> **What you will do**
All of the data that follows should be retyped exactly, please, except the pictures.

> **Data shown**
==================================================

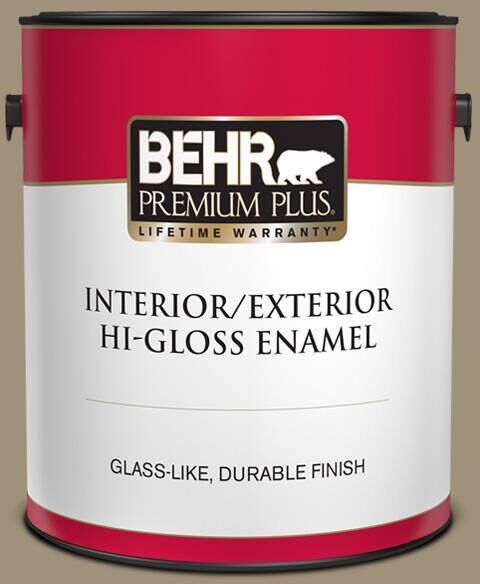 BEHR PREMIUM PLUS 1 gal. #750D-5 Desert Shadows Hi-Gloss Enamel Interior/Exterior Paint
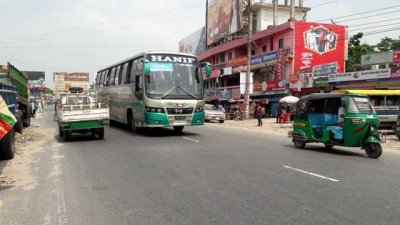 ব্রাহ্মণবাড়িয়ায় ৭৬ কিলোমিটার রাস্তা ঝুঁকিপূর্ণ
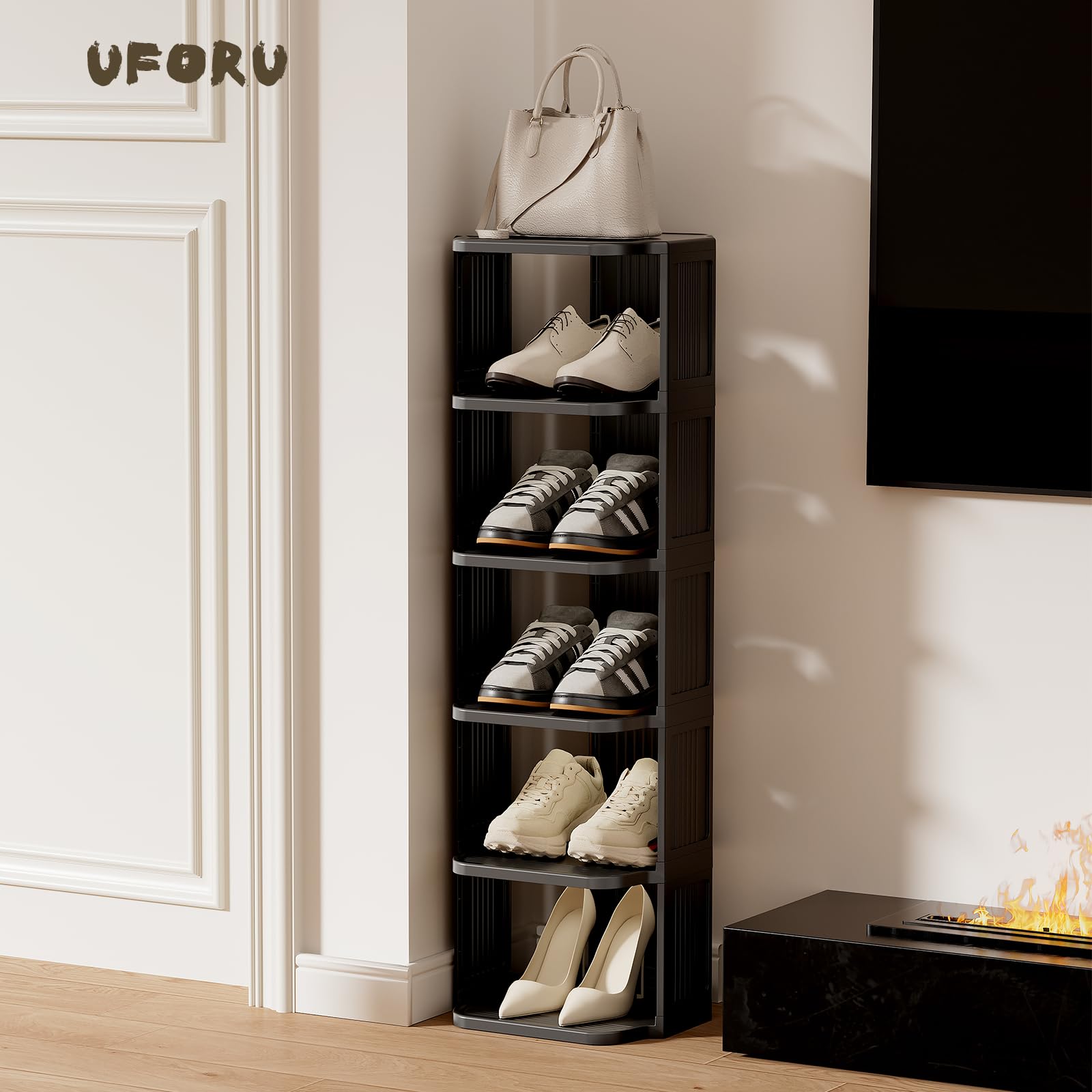 UFORU customizable shelves adapt to your shoe collection and space.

==================================================

> **Written solution**
 BEHR PREMIUM PLUS 1 gal. #750D-5 Desert Shadows Hi-Gloss Enamel Interior/Exterior Paint
 ব্রাহ্মণবাড়িয়ায় ৭৬ কিলোমিটার রাস্তা ঝুঁকিপূর্ণ
 UFORU customizable shelves adapt to your shoe collection and space.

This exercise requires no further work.